LOCALS ONLY
Client is looking for a Site Reliability Engineer (with experience working with Adobe applications) who is available to work on-site in one of the following locations: Overland Park, KS - Bellevue, WA - Atlanta, GA.
The Site Reliability Engineer (SRE) will work alongside engineering and operations teams to ensure the reliability and efficiency of Adobe’s services and systems. You will focus on automating processes, improving infrastructure, and resolving performance and availability issues to ensure a seamless experience for our customers. As an SRE, you will help bridge the gap between software engineering and operations, applying a software engineering mindset to system administration tasks.
Key Responsibilities:
- Able to work on site in one of the following locations: Overland Park, KS - Bellevue, WA - Atlanta, GA
- Ensure the availability, scalability, and reliability of Adobe’s cloud services and platforms.
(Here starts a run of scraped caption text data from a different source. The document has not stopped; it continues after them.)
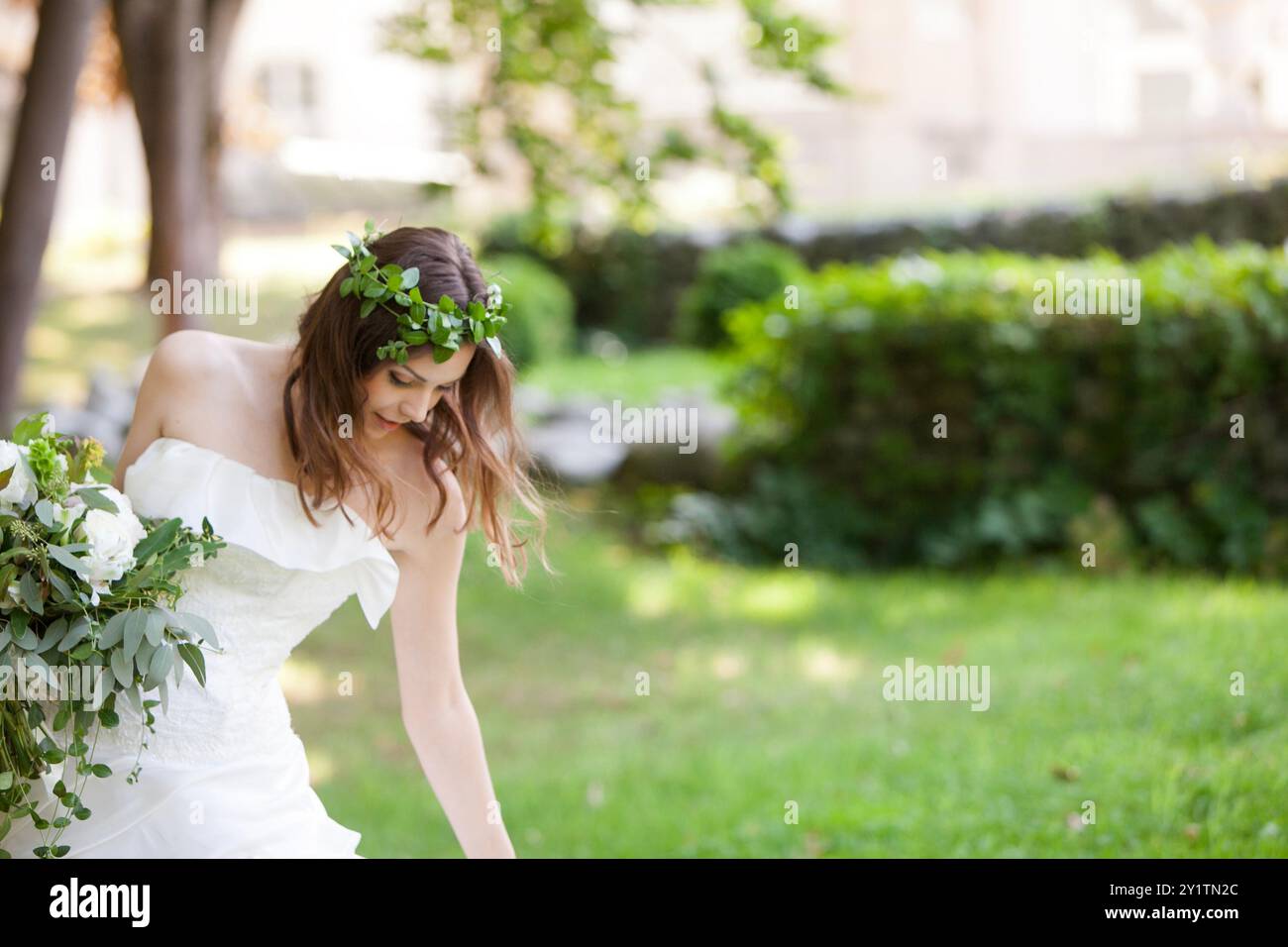 Mariée décontractée portant un casque feuille à l'extérieur Banque D'Images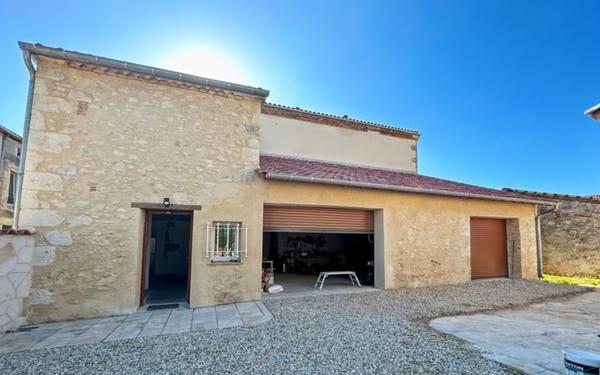 Maison à vendre    3 pièces •  Lectoure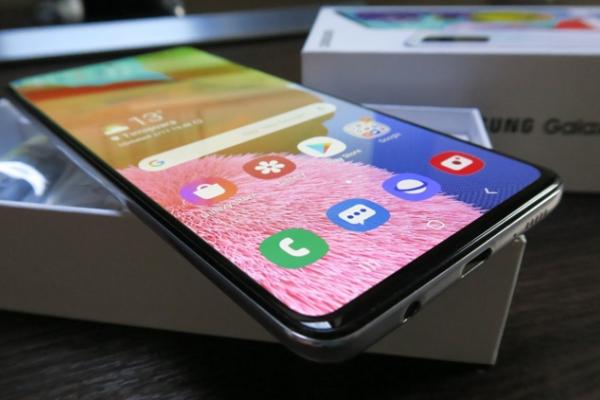 Samsung Galaxy A51 Unboxing: cel mai dorit telefon midrange din 2019 primeşte un urmaş cu quad camera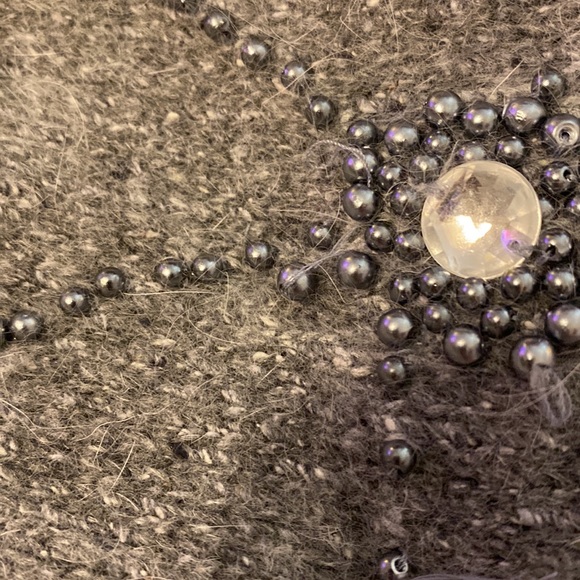 Vintage DeadStock UNO& UNA Silk Angora Rabbit Blend Beaded Leaf Accent Sweater - Picture 10 of 10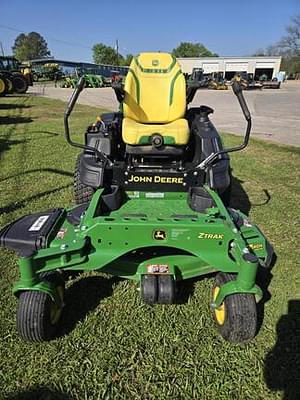 2023 John Deere Z930R Image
- Collaborate with development teams to design, deploy, and maintain robust systems that can scale as demand increases.
- Automate manual tasks and improve efficiency in the deployment, monitoring, and management of systems and infrastructure.
- Develop and maintain monitoring, alerting, and incident management systems to identify and resolve potential issues before they impact customers.
- Participate in the on-call rotation and troubleshoot production issues, ensuring fast recovery and minimal downtime.
- Continuously improve system performance by identifying bottlenecks, optimizing processes, and recommending enhancements.
- Analyze and resolve service outages and capacity issues.
- Develop tools to streamline operational tasks and improve the overall reliability of production systems.
- Work closely with security teams to ensure the integrity and security of systems.
- Contribute to the documentation and best practices for site reliability across teams.
Skills & Qualifications:
- Bachelor’s degree in Computer Science, Engineering, or a related field, or equivalent practical experience.
- Proven experience as a Site Reliability Engineer, DevOps Engineer, or similar role, working with large-scale distributed systems.
- Strong programming skills in languages such as Python, Go, Java, or similar.
- Solid understanding of cloud technologies (AWS, Azure, Google Cloud, etc.) and containerization (Docker, Kubernetes).
- Hands-on experience with monitoring, logging, and alerting tools such as Prometheus, Grafana, ELK stack, or similar.
- Experience with automation and configuration management tools like Terraform, Ansible, or Chef.
- Strong knowledge of systems administration (Linux/Unix-based environments) and networking concepts.
- Expertise in handling incident management, including troubleshooting and root cause analysis.
- Ability to work collaboratively in a fast-paced, cross-functional team environment.
- Excellent communication skills, both written and verbal.
Preferred Qualifications:
- Experience with CI/CD pipelines and deployment automation.
- Familiarity with database management systems (e.g., MySQL, PostgreSQL, NoSQL).
- Experience with infrastructure as code (IaC) practices.
- Cloud certifications (AWS Certified Solutions Architect, Google Cloud Professional Cloud Architect, etc.) are a plus.